▸ EXERCISE
Starting at the line with "Kartonové krabice 3VVL", set down each line of the entries below through the last one, exactly as it stands.

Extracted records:
- Opening Delimiter -
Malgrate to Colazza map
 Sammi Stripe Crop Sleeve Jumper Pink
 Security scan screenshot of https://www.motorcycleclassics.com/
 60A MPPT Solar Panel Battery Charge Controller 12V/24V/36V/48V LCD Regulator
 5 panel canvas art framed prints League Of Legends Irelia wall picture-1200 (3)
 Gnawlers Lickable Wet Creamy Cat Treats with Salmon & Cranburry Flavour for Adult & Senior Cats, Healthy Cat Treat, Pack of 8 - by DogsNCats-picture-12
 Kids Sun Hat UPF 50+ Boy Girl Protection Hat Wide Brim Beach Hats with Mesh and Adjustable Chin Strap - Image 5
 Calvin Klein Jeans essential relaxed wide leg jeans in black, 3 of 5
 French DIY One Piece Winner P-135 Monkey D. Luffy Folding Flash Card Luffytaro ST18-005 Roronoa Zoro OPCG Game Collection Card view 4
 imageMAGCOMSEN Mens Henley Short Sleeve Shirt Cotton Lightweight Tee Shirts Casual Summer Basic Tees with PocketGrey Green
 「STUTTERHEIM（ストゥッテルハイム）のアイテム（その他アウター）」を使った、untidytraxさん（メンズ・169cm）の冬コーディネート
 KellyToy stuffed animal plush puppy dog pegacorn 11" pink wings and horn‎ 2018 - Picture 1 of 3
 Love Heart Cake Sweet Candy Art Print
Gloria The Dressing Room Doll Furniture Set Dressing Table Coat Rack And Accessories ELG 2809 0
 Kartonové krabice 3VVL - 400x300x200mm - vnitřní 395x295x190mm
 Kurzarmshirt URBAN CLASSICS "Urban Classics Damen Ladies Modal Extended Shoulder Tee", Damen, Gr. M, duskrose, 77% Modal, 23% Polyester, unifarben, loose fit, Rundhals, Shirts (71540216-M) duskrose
- Closing Delimiter -
▸ TASK RESPONSE
 Kartonové krabice 3VVL - 400x300x200mm - vnitřní 395x295x190mm
 Kurzarmshirt URBAN CLASSICS "Urban Classics Damen Ladies Modal Extended Shoulder Tee", Damen, Gr. M, duskrose, 77% Modal, 23% Polyester, unifarben, loose fit, Rundhals, Shirts (71540216-M) duskrose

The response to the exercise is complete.